I bought some Polish chicks a few weeks ago through my local feed store, they do special orders for people, kinda nice. But I wanted black with white crest and the guy at the store told me they were getting in some White Polish and in my haste I didn't listen to him very well and thought they were going to be black with white, but they aren't...they are all white. I had them vaccinated for Mareks so I was stuck with them when they arrived. Oh well. I also ended up with a "mistake". I have a little frizzled something with feathered feet, also white. I am not sure how we missed the feathered feet when I was picking up Polish. Unfortunately it probably isn't vaccinated as it isn't Polish.

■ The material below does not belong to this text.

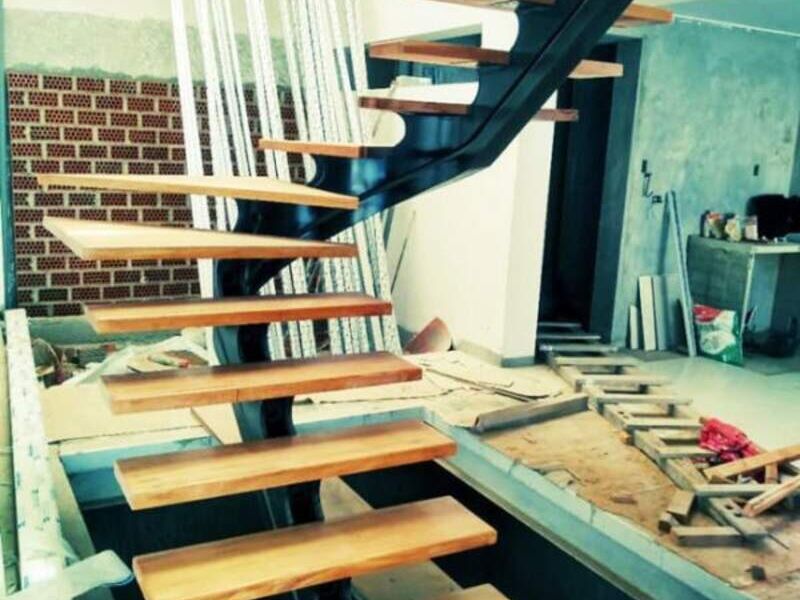 Escaleras y barandas - PUERTAS METÁLICAS RETO | Construex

I don't see Marek's often, but I do see it now and then so any chicks I buy I have vaccinated.    I don't ever see it in chicks raised by my broodies.


----------



## Alaskan (Apr 11, 2018)

good luck.


----------



## secuono (Apr 11, 2018)

My barn kitty grew up with banties. Early on, I chased her off, now she leaves them alone, other than to tease.


----------



## babsbag (Apr 12, 2018)

I have an outdoor kitty that never messes with the chickens. I think one could peck from a mama hen put her in her place.


----------



## LMK17 (Apr 12, 2018)

Well, now I feel like I need to keep the bantams out of sheer curiosity!  The *idea* of winter eggs is appealing, and I'd kinda like to try selling the eggs, just to see what would happen.  DS and DD are planning to start an egg business.  The idea of little kids selling little eggs is pretty appealing...  And maybe that could be their business slogan.  Little kids/little eggs.  I like it!  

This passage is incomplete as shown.